Weak currencies in South America kept U.S. supplies uncompetitive for what little demand is available. Argentina’s peso fell to a new low against the U.S. dollar. At one point, trading of the peso was temporarily halted by the Central Bank to restore order. Farmers there are said to be holding soybeans as a hedge against inflation — selling corn if they need to.

Trade chatter once again suggested a trade deal with China was getting closer, but we have yet to see any concrete agreements. The best guess is a late May or June time frame for a deal. At this juncture, it seems too little, too late to be of much help for this year’s balance sheets. The United States is also working on trade agreements with Japan and the European Union, although the EU is excluding agriculture in the talks.

China imported 4.9 mmt of soybeans in March with 1.5 mmt coming from the United States. This was about half of what they bought from us in March of last year. They satisfied over 56 percent of their bean imports in March from Brazil. China’s Vegetable Oil Industry Association is expecting China’s soybean imports for 2018-19 to fall to 85 mmt vs. the USDA’s 88 mmt projection.

China reported this week that 1 million pigs have been culled since August. The number of sows in March was down 21 percent from a year ago. They predict the price of live hogs in the fourth quarter will hit new historical highs. China’s Ministry of Ag reported as of the end of March, they had 375 million sows, pigs, and piglets vs. 428 million at the end of December. Many in the trade feel China’s hog losses are greatly underreported.
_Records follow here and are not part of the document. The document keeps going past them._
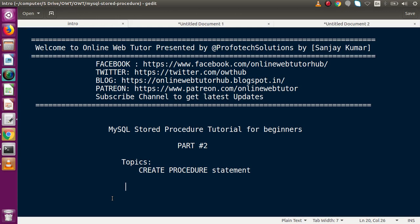Hello guys, welcome to Online Web Tutor presented by Prophetic Sessions team. I am Sanjay. We are learning MySQL stored procedure tutorial for beginners. This is part 2. Inside this video session we will discuss about the CREATE PROCEDURE statement. In our first part we had discussed about the introduction, the features, as well as the drawbacks while using MySQL stored procedures. Now inside this video we are going to create some procedures related to our database.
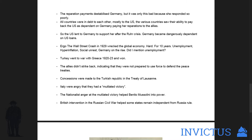For 10 years there was unemployment, hyperinflation, social unrest, and German nationalism on the rise. Turkey went to war with Greece from 1920 to 1923 and won, and the Allies didn't strike back because they didn't have a League of Nations standing army — no police force, no peace force to defend the peace treaties. Which was ironic given that they had an army of occupation in Germany.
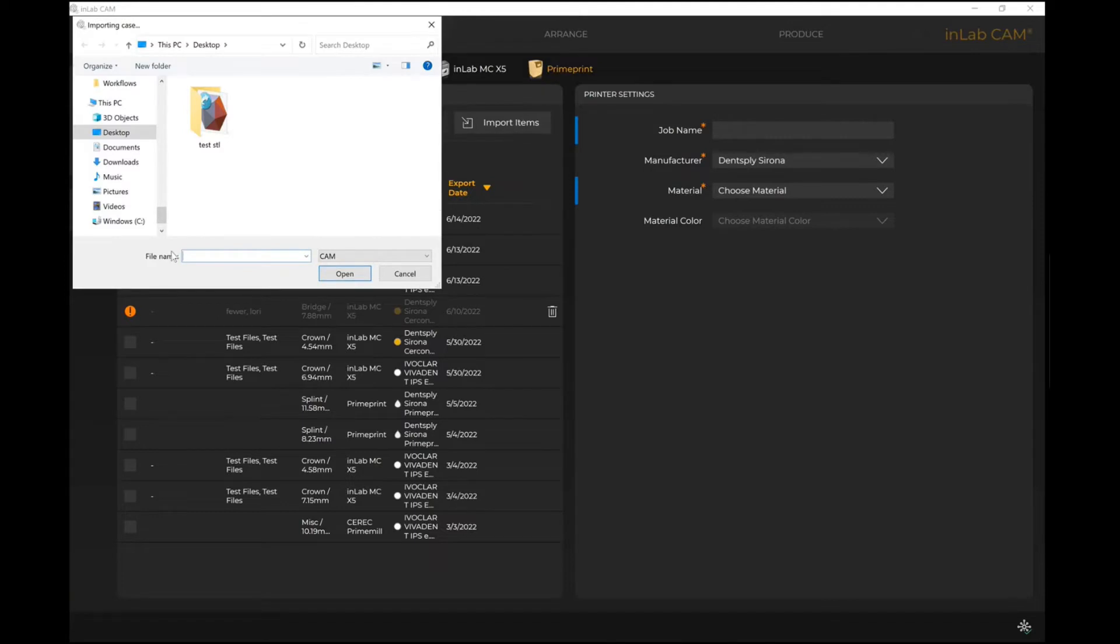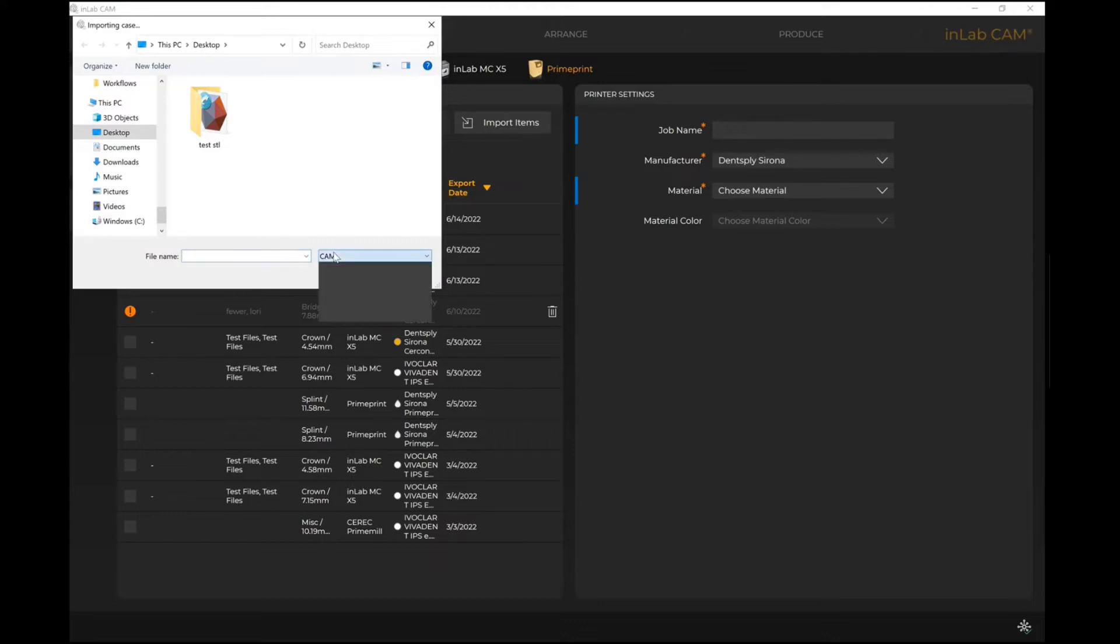I can find when I hit Import Items, this option will come up. If I'm looking for a CAM-specific file, that means it's an integrated file coming from inLab or Cerec. The CAM file would look as such. However, when you use this drop-down menu, you'll see there are a few other options.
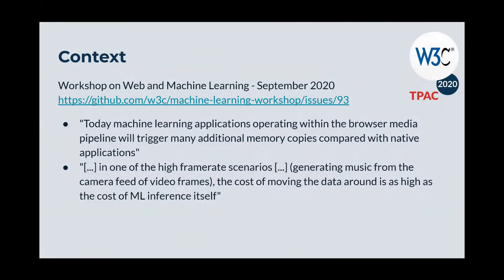To give you a little bit of context, at the origin of this breakout session there is the recent workshop on web and machine learning that Dom organized in September. During this workshop, various speakers raised the topic of efficiencies — they raised efficiency issues when they try to process media in real time with machine learning.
Weekly export sales were within estimates at 21.9 million bushels. Total old crop commitments stand at 1.65 billion bushels, down 17 percent from last year. The USDA is forecasting a 12 percent cut in exports year-on-year. We need to average 12.4 million bushels of sales per week to hit the USDA’s 1.875-billion-bushel projection. Total sales are just 88 percent of the USDA forecast compared to 96 percent on average. New crop sales were 900,000 bushels, bringing total commitments to 29.3 million bushels vs. 168.2 million last year. There were no new pork sales reported to China in this week’s report.

Argentina’s soybean harvest is nearly 51 percent complete. The BAGE kept their soybean production forecast at 55 mmt while the Rosario Grain Exchange raised their number to 56 mmt. There has been some chatter that Argentina is having problems making protein levels. Brazil has sold 290 tmt of soybeans to Mexico from February through April, up from 120 tmt last year in the same time frame.
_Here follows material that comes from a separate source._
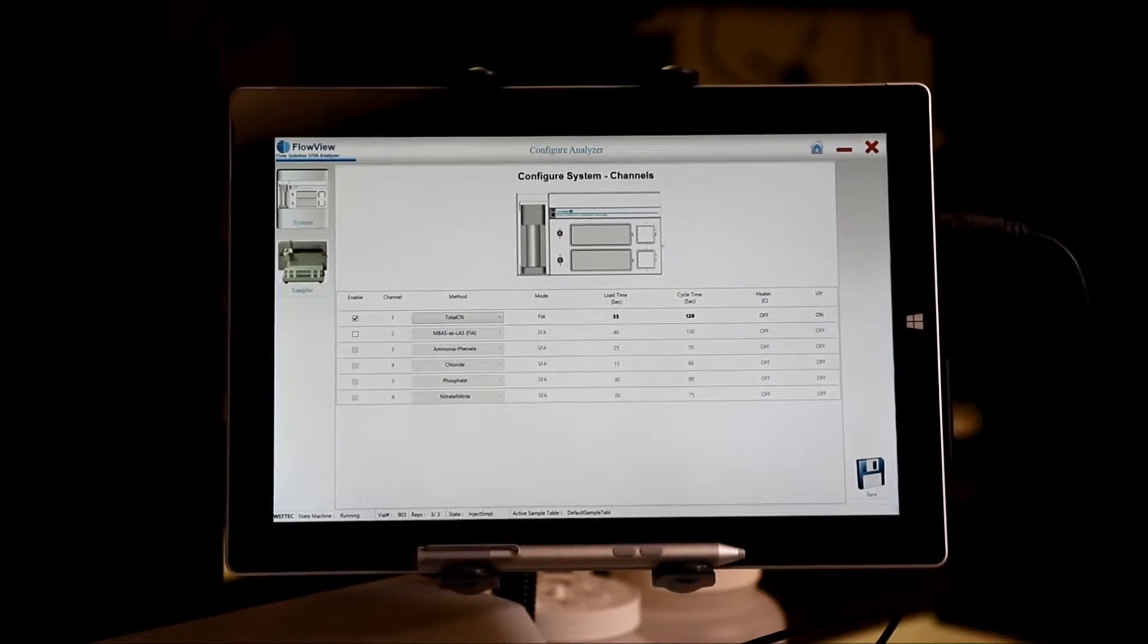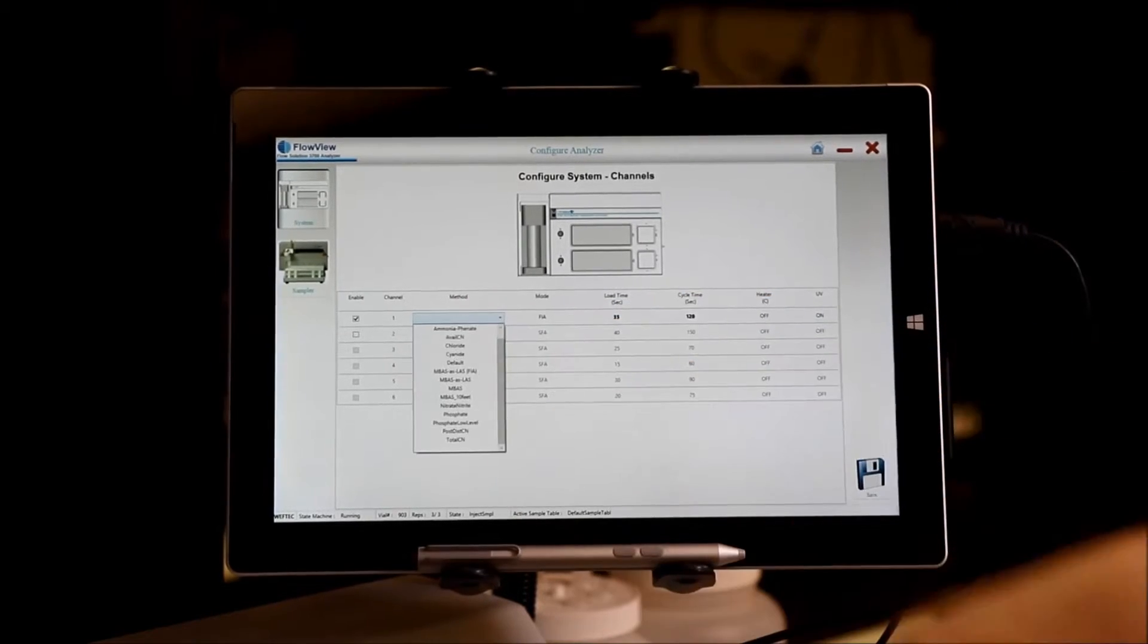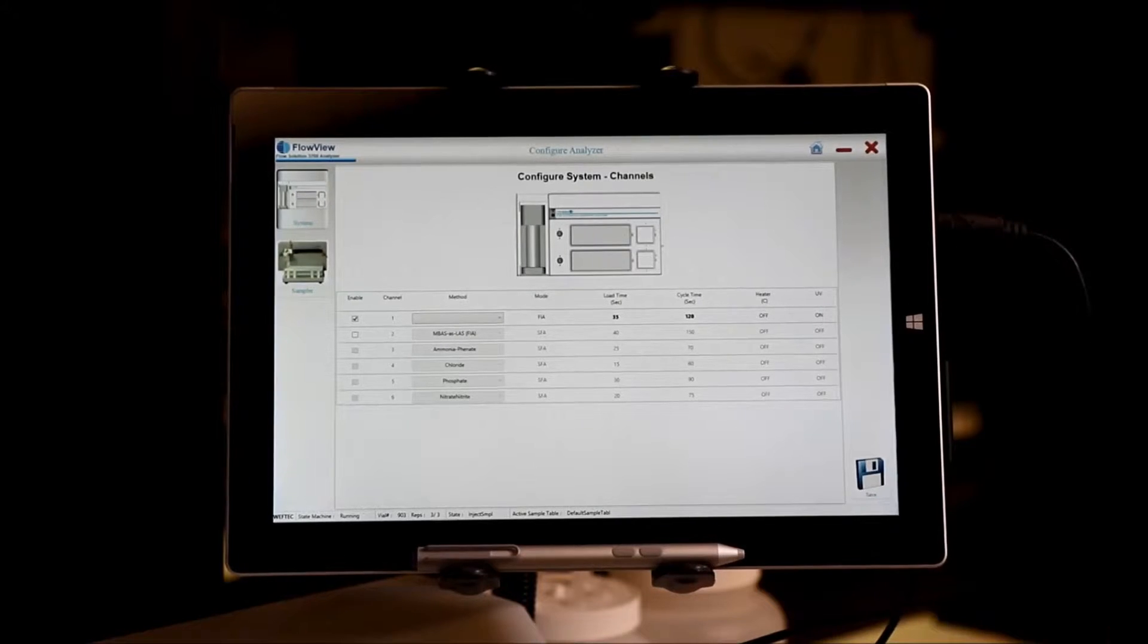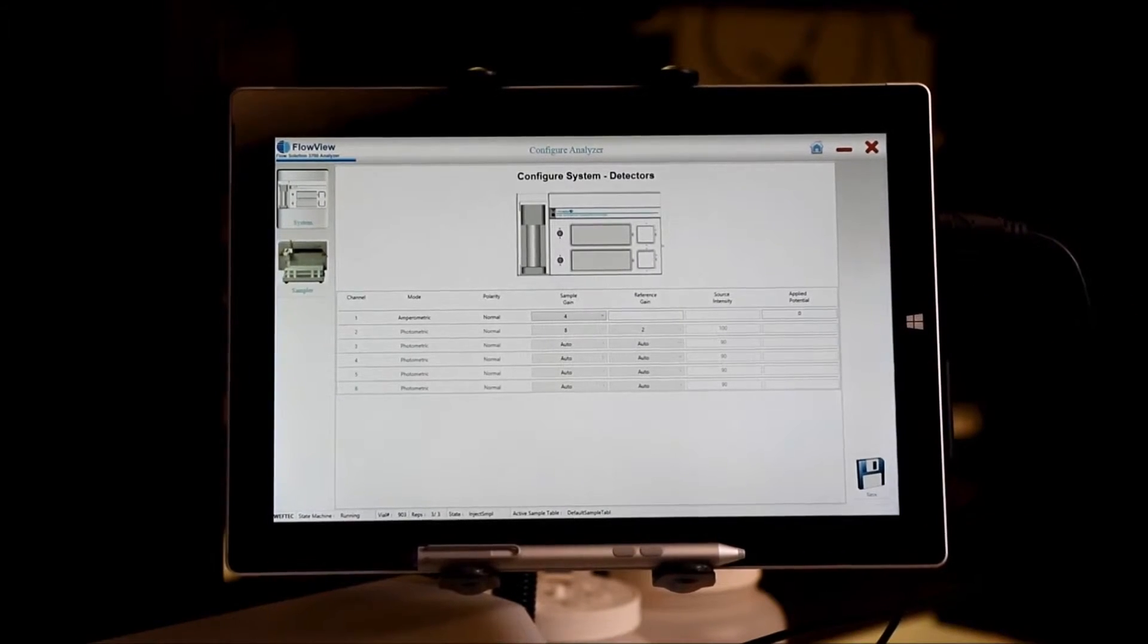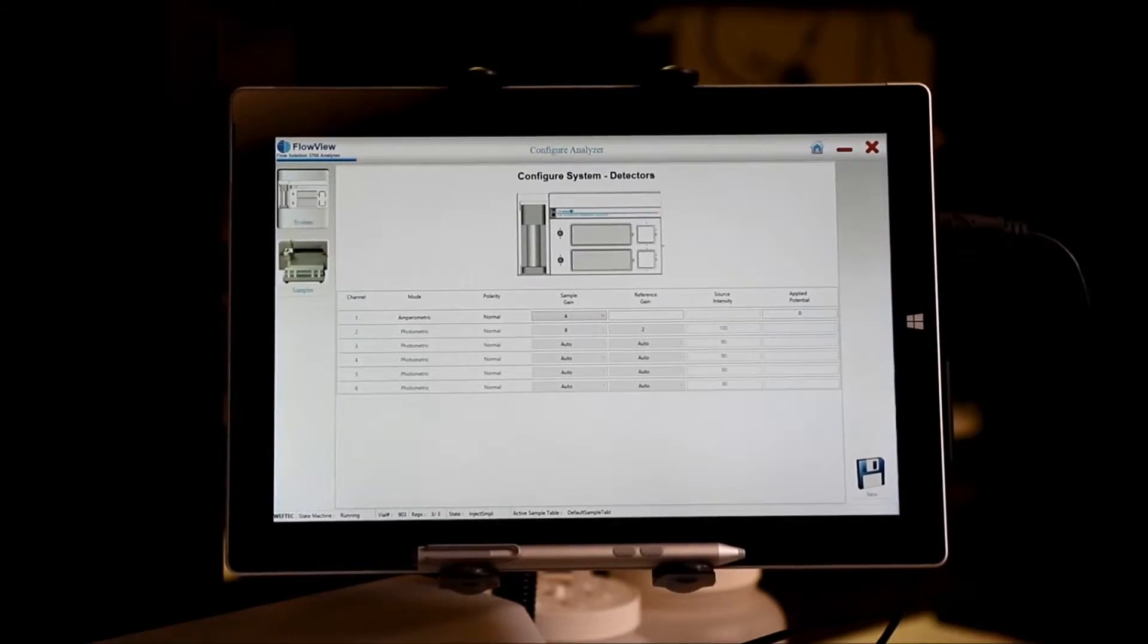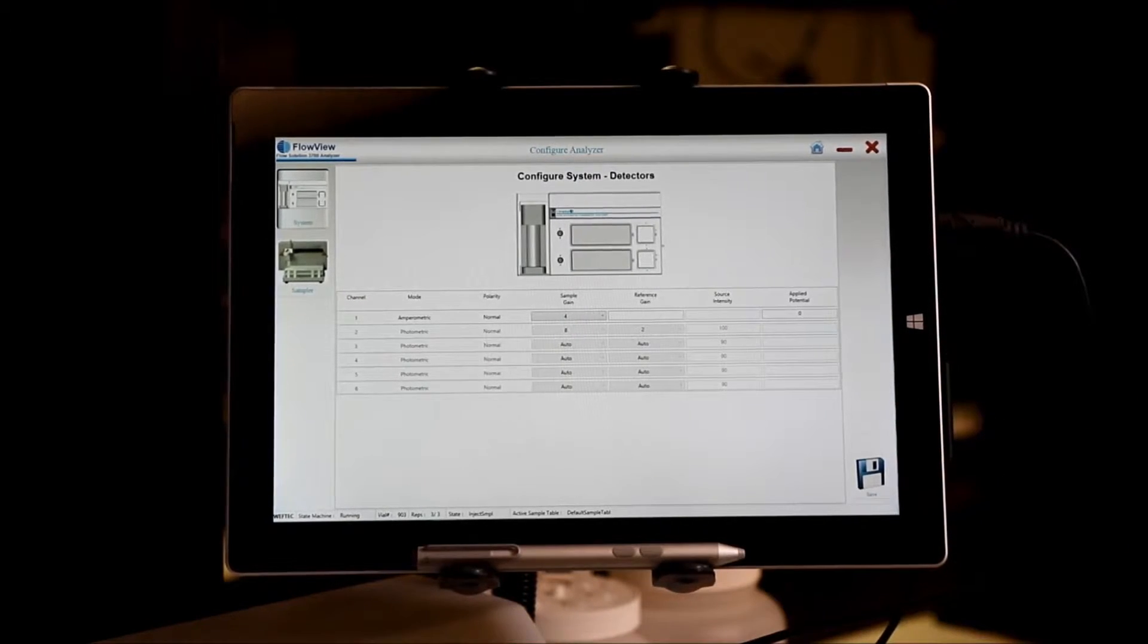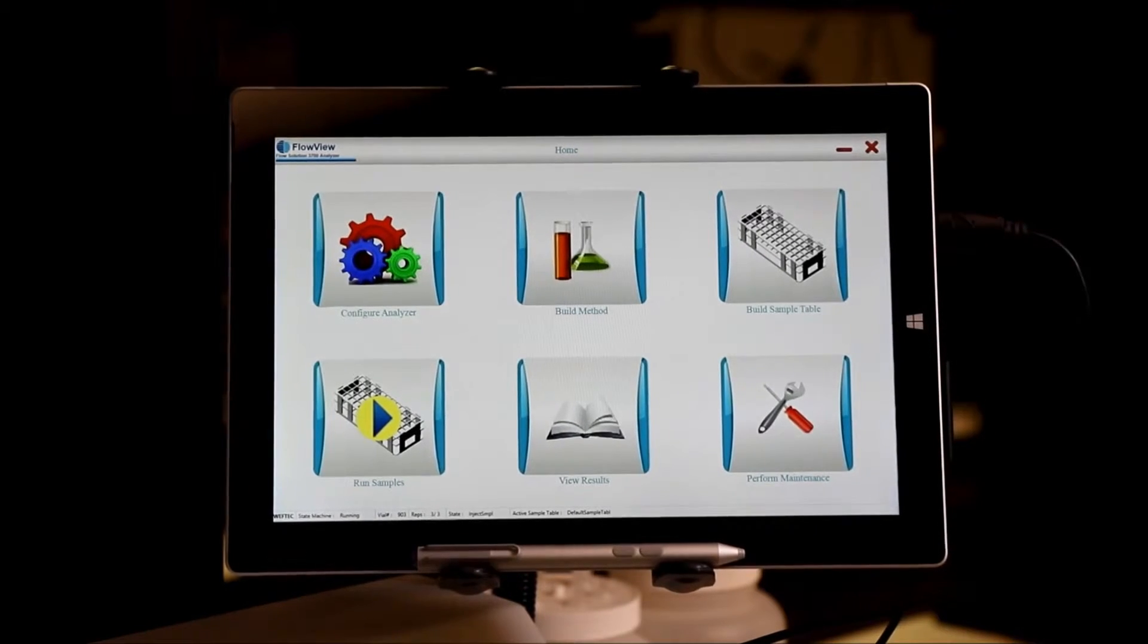Select what methods are needed and click save. Lastly, for detector settings, choose your sample gain or your source intensity for photometric applications, click save, and all of the information is transferred over to the 3700.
Outlook: Just a repeat of last week, only more so. A poor close for the week with July soybeans collapsing to $8.67, down 27.25 cents and the November contract falling 25.75 cents to $8.87.75 per bushel. Delayed corn planting will bring up talk of more switching of acres to soybeans. Weak South American currencies keep us uncompetitive for what little demand there is. African swine fever is cutting China’s feed demand, and this is a situation that will not be solved quickly. Sorry to be so negative, but until funds want to take profit and reduce their short positions, it will be difficult to hold any substantial rally.

The daily trading limit for soybeans will change from 60 cents to 65 cents per bushel beginning May 1. Limits are reevaluated twice a year on May 1 and Nov. 1.

Nystrom’s Notes: Contract changes for the week ended April 26: Minneapolis May wheat tumbled 17.75 cents lower to $5.11.75, Chicago was only off 5.75 cents at $4.42.5 and Kansas City dropped 18.25 cents to $4.07.5 per bushel. The Kansas Wheat Quality Tour is the week of April 29. Crude oil for the week was down 77 cents at $63.30, ULSD was 2 cents lower, RBOB rallied 2.75 cents, and natural gas gained 7.5 cents.